- Genre: Action Drama Thriller
- Teleplay by: Michael Kelly James D. Buchanan Ronald Austin
- Story by: Michael Kelly
- Directed by: Leonard Horn
- Starring: David Janssen Keenan Wynn Lee Purcell
- Music by: Jack Elliott Allyn Ferguson
- Country of origin: United States
- Original language: English

Production
- Producers: Leonard Goldberg Aaron Spelling
- Production location: Los Angeles
- Cinematography: Archie R. Dalzell
- Editor: Leon Carrere
- Running time: 74 minutes
- Production companies: Spelling-Goldberg Productions 20th Century Fox Television

Original release
- Network: ABC
- Release: September 26, 1973

= Hijack (1973 film) =

1973 film by Leonard Horn

Hijack is a 1973 American made-for-television action drama thriller film directed by Leonard Horn and starring David Janssen, Keenan Wynn and Lee Purcell.

==Plot==
Two desperate truck drivers, Jake and Donny, accept an assignment by a man named Kleiner to transport a "super important" cargo for $6,000. The men don't know what's in the cargo, but they find out that another group of men is willing to kill for the haul.

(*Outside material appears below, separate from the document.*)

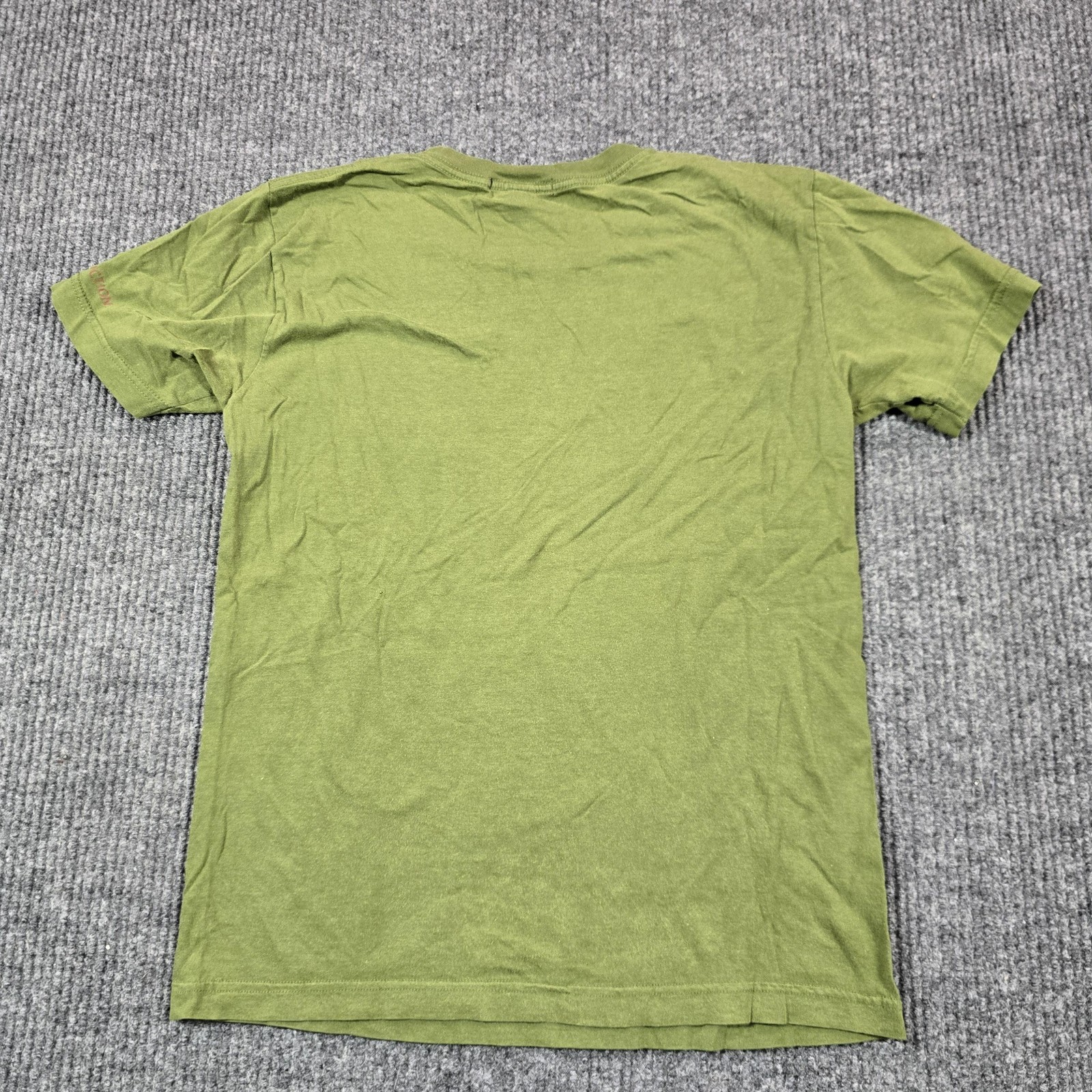 Arc'teryx Shirt Mens Small Green Evolution Logo Made USA 100% Cotton Outdoor gallery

Throughout the trip, Jake and Donny are repeatedly attacked by the mercenaries, but the pair always manages to get past them, while also gradually eliminating the crooks one by one. When they finally reach their destination, the enraged Jake breaks the lock on the trailer door and they find out that the trailer is loaded with nothing but burlap sacks filled with sand. Kleiner reveals that the truck had merely been a decoy to cause the mercs to direct their attention to the wrong vehicle; the actual secret cargo had been quietly shipped the night before.

==Cast==
- David Janssen as Jake Wilkenson
- Keenan Wynn as Donny McDonald
- Lee Purcell as Eileen Noonan
- Jeanette Nolan as Mrs. Briscoe
- William Schallert as Frank Kleiner
- Tom Tully as Mr. Noonan
- Ron Feinberg as Bearded Man (as Ronald Feinberg)
- William Mims Highway Patrol Captain
- John A. Zee as Man With Glasses
- Dallas Mitchell as Houston Dispatcher
- Morris Buchanan as L.A. Dispatcher
- Jim Burk as First Cowboy
- Walter Wyatt as Second Cowboy (as Walt Wyatt)
- James W. Gavin as Helicopter Pilot
- Robert Golden as Weigh Station Officer

==Production==
It was filmed in the Antelope Valley of California.

==Reception==
The Los Angeles Times said "if you miss it don't worry about it. You've probably seen it before."